Not Australia. Does anything besides that really matter?
How long have you lived there?
I have not lived in Australia all my life. I cannot readily verify whether my mother traveled there while I was captive in-womb, but for my own soundness of mind I am willing to accept her “I stayed in Pietermaritzburg” stories at face value.
Where and what are you studying?
Honours in Politics, Philosophy and Economics at the University of Cape Town. Was formerly at Stellenbosch University, but soon decided that self-contained islands of sameness become maddening after a while. Erm…I’m leaning more towards the Economics part. That’s about all I can say, I suppose.
What do you love about Cape Town? Dislike?
The fact that it’s nowhere near Australia (the joke is wearing, but not worn). Also, it is indecently beautiful – in just about every way, seen and unseen.

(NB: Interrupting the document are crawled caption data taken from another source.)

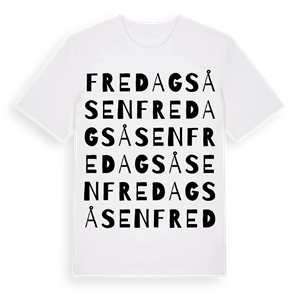 Fredagsåsen ordlek t-shirt – ekologisk bomull t-shirt från Pinshirt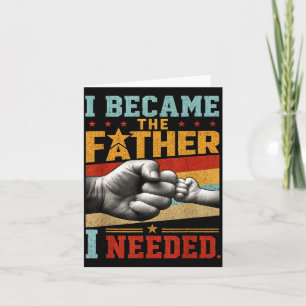 Wurde der Vater, den ich brauchte, Vatertag Papa D Karte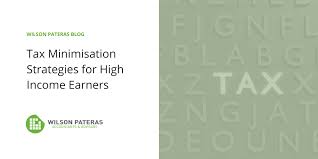 Tax Minimisation Strategies For High Income Earners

I could go into bits and pieces about the hipness of this and the buzz of that, but there are travel websites for that.
What is your passion?
Stories, verbose dead people (some call them ‘scholars’), novelty and blasphemy.
What would you like to do when your studies are over?
Graduate. And work! All for the mother country! The compulsion to be productive, whether unjustly or not, has been imposed on me ever since I was a wee lad. Oh, and I would also quite fancy being published (not getting published, already being published).
What is your favourite restaurant/pub/?
What kind of a question is this? My living room.
What is your favourite recreational spot? (beach etc.)?
Other people’s preciously held beliefs.
You’ve written a book — tell us about that?
A novel. Set in 1920s Dresden, Germany. Reformation never happened, Catholic Church still maintains control over Europe. Seeds of a second Attempted Reformation are appearing. Second year university student with infamous dead mother accused of witchcraft, must flee, is perhaps guilty. Strange, seemingly wicked stranger toys with protagonist in many interesting and unnerving ways.
Fun, dangerous, devastating, irreverent times in a Theocracy.
Ultimate dream?
World peace! No, just kidding. World peace would be boring. Sincerely, it would have to be to be an accomplished author, a contributing professional and alive at 51.